15 Şubat 2010 Pazartesi

NY MODA HAFTASI | Prabal Gurung - Preen- Rag&Bone -Ruffian

Preen ve Prabal Gurung heyecanla beklediklerimdendi, ve ikisi de gayet hoştu, yine de Gurung hariç çok heyecanlanmadım.

PRABAL GURUNG:






Son zamanlardaki biricik favorilerimden PRABAL GURUNG'u size daha önce şu yazımda tanıtmış, bool bol anlatmıştım! Singapur doğumlu, Nepalde büyümüş New Yorker PRABAL GURUNG NY Moda Haftasında ilk defilesini gerçekleştirdi ve bence çok da başarılı bir koleksiyon sundu! Bir numaralı hayranlarından Zoe Saldana ön sırada, Demi Moore ise twitter başında bol şans dileyerek kendisine destek oldular. Ama onlar ne ki, esas olay Anna Wintour'un salona girip direk kulise geçerek kendisini tebrik etmesi!

Tasarımlar keskin ve yapılı formlarda, kırmızı, siyah, beyaz, ten ve krem renk bloklarından oluşmuşlar.Kollarına, yanlarına ve paçalarına kesiklerle yaratılan ve içine kontrast renkler gömülen kaban, pantolon ve ceketler çok değişikti, yine kat oyunları ve spiral pililer hoştu. Şarap rengi, zümrüt yeşili ve hardal parlaklık katmıştı. Yukarıdaki kırmızı-siyah tek omuz kokteyl elbise favorim!
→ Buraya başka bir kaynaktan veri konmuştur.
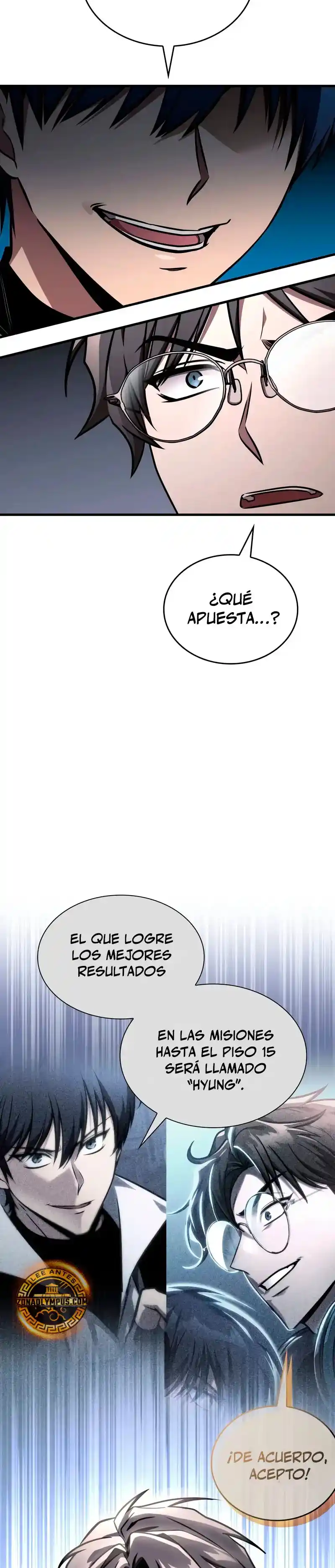Tengo la guía exclusiva de la torre - Capítulo 97 - Página 4 - LectorTMOo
Bu tür elbiselerde çok başarılı olsa da bu koleksiyonda bir iki tane görkemli kırmızı halı elbiseleri de beklerdim!






PREEN:



Justin Thornton and Thea Bregazzi ikilisi tarafından tasarlanan fakat dikişi gelenekçilere bırakılan PREEN koleksiyonu, bu defa hayranları için sürpriz sayılabilir!

Body-con denen vücudu sıkıca saran ve kıvrımları belirginleştiren meşhur Preen elbiseler, yine çiçekler, Preen pencereleri ve yırtıkları yine var, ama bu defa bir o kadar da androjen ve sert tasarımlar da var. Takımlar, pantolonlar, kabanlar en modern şekillderde tasarlanmış fakat en gelenekse terzilikle dikilmiş(gelenekçi Savile Row terzileri Gieves ve Hawkes tarafından). Feminen ve şirin tasrımlara maskülen ve sert dikişler.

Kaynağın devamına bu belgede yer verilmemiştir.